Dimensions without coordinates: bnds
Data variables:
time_bnds (time, bnds) float64 3.322e+04 3.322e+04 3.322e+04 3.322e+04 ...
lat_bnds (lat, bnds) float64 39.07 41.86 41.86 44.65 44.65 47.44 47.44 ...
lon_bnds (lon, bnds) float64 215.2 218.0 218.0 220.8 220.8 223.6 223.6 ...
hus (time, plev, lat, lon) float64 0.006508 0.007438 0.008751 ...
对 lat
、lon
和 time
给定的多个范围进行子集化的最佳方法是什么?我尝试链接一系列条件并使用 xarray.Dataset.where
,但我收到一条错误消息:
What would be the best way to subset this given multiple ranges for lat
, lon
, and time
? I've tried chaining a series of conditions and used xarray.Dataset.where
, but I get an error saying:
IndexError: The indexing operation you are attempting to perform is not valid on netCDF4.Variable object. Try loading your data into memory first by calling .load().
我无法将整个数据集加载到内存中,那么执行此操作的典型方法是什么?
I can't load the entire dataset into memory, so what would be the typical way to do this?
推荐答案
NetCDF4 不支持 NumPy 支持的所有多维索引操作.但是确实支持切片(非常快)和一维索引(有点慢).

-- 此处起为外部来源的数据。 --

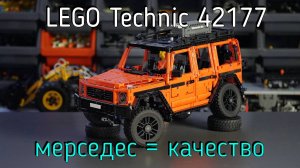 LEGO Technic - 42177 Mercedes-Benz G 500 PROFESSIONAL Line обзор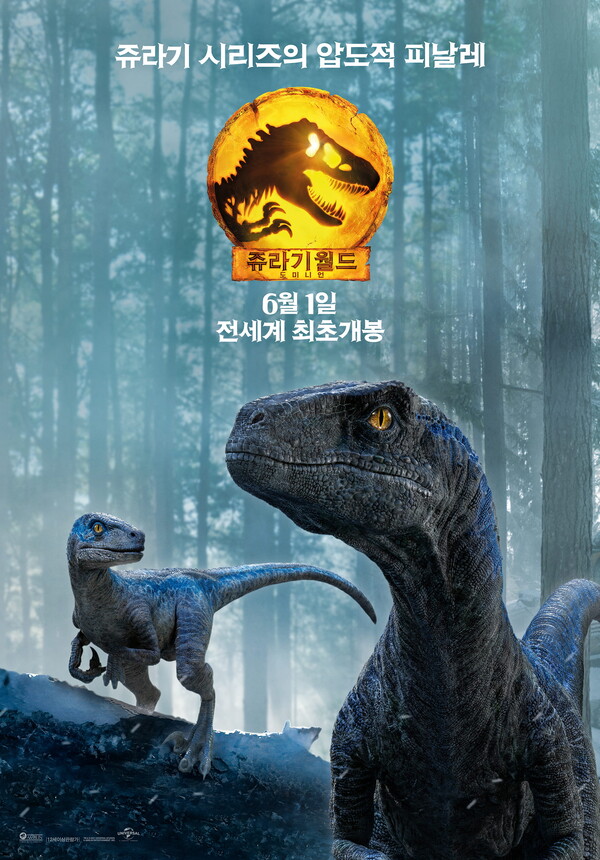 '쥬라기 월드: 도미니언' 블루&베타 아이콘 포스터 공개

NetCDF4 doesn't support all of the multi-dimensional indexing operations supported by NumPy. But does support slicing (which is very fast) and one dimensional indexing (somewhat slower).
一些值得尝试的事情:
- 用切片索引(例如,
.sel(time=slice(start, end))
)before 用一维数组索引.这应该将基于数组的索引从 netCDF4 卸载到 Dask/NumPy. - 将您的索引操作拆分为更多的中间操作,这些操作一次沿更少的维度进行索引.听起来您已经尝试过这个,但也许值得多探索一下.
- 要优化性能,请使用
.chunk()
尝试不同的 Dask 分块方案.
- Index with slices (e.g.,
.sel(time=slice(start, end))
) before indexing with 1-dimensional arrays. This should offload the array-based indexing from netCDF4 to Dask/NumPy. - Split up your indexing operations into more intermediate operations that index along fewer dimensions at once. It sounds like you've already tried this one, but maybe it's worth exploring a little more.
- To optimize performance, try different Dask chunking schemes using the
.chunk()
.
如果这不起作用,请将完整的独立示例发布到 GitHub 上的 xarray 问题跟踪器,我们可以更详细地研究它.
If that doesn't work, post a full self-contained example to the xarray issue tracker on GitHub and we can take a look into it in more detail.
这篇关于子集 xarray.Dataset 关于多个坐标的文章就介绍到这了,希望我们推荐的答案对大家有所帮助,也希望大家多多支持!